8 arrested for 1971 police killing

? Eight men were arrested Tuesday in the 1971 slaying of a police officer that authorities say was part of a black power group’s five-year campaign to kill law enforcement officers in San Francisco and New York.

Police said seven of the eight are believed to be former members of the Black Liberation Army, an offshoot of the Black Panther Party.
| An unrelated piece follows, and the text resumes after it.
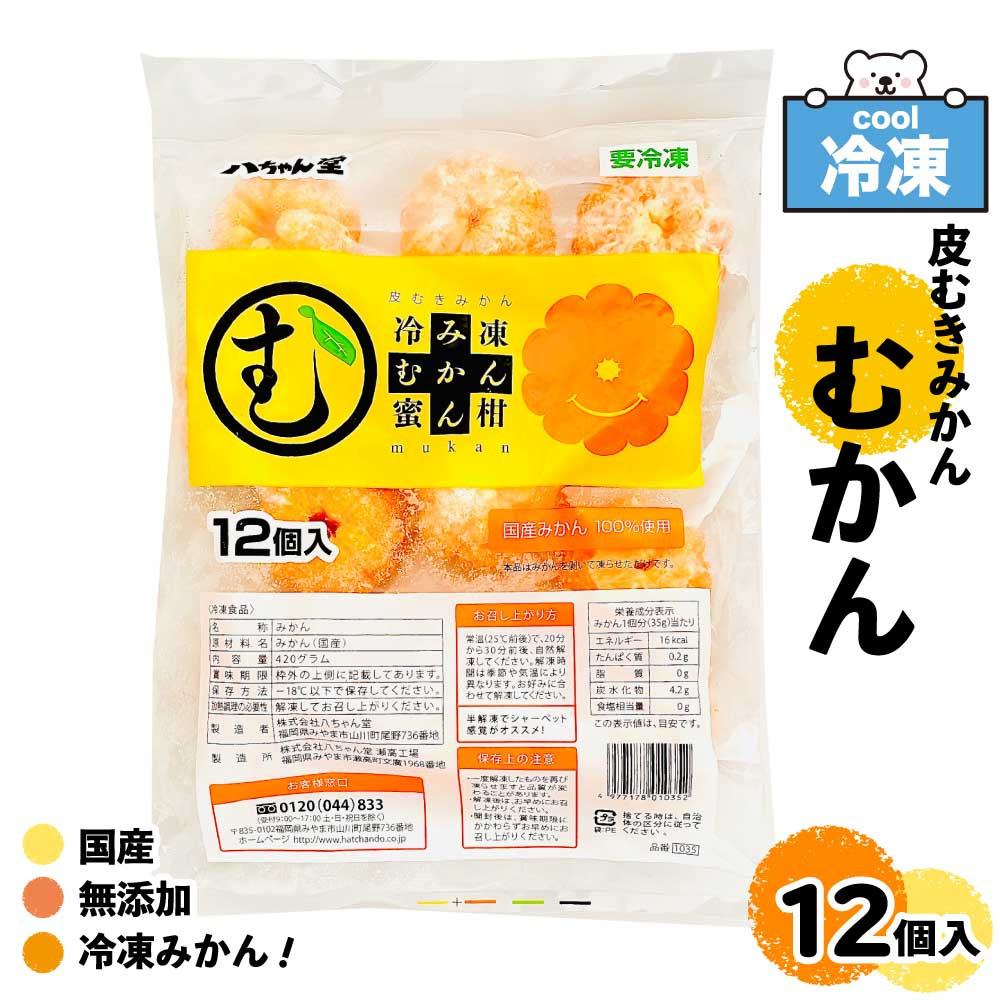 うーちゃん様専用パール柑4L以上20kg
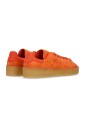 stan-smith-crepe-craft-lage-schoenen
The Aug. 29, 1971, shooting death of Sgt. John V. Young, 51, at a San Francisco police station was one in a series of attacks by BLA members on law enforcement officials on both coasts, police said.

The attacks, carried out between 1968 and 1973, also included the bombing of a police funeral in San Francisco and the slayings of two New York City police officers, as well as three armed bank robberies that helped fund their operations, police said.

The arrests were just the latest attempt in recent years to hold antiwar radicals and black-power militants responsible for crimes committed a generation ago.

The investigation of the Black Liberation Army killing spree was reopened in 1999 after “advances in forensic science led to the discovery of new evidence in one of the unsolved cases,” the San Francisco Police Department said in a statement.

Morris Tabak, the department’s deputy chief of investigations, would not elaborate on the evidence except to say: “It could be fibers. It could be DNA. It could be other biological evidence.”

Murder and conspiracy charges were filed against Ray Michael Boudreaux, 64, of Altadena; Richard Brown, 65, of San Francisco; Herman Bell, 59, and Anthony Bottom, 55, both behind bars in New York state; Henry Watson Jones, 71, of Altadena; Francisco Torres, 58, of New York City; and Harold Taylor, 58, of Panama City, Fla.

Bell’s lawyer, San Francisco attorney Stuart Hanlon, called the arrests a “prosecution based on vengeance and hate from the ’60s.”

“There’s a law enforcement attitude that they hate these people, the Panthers,” Hanlon said. “Now they’re going after old men.”

Richard O’Neal, 57, of San Francisco, also was arrested on conspiracy charges. A ninth suspect, Ronald Stanley Bridgeforth, 62, was still being sought.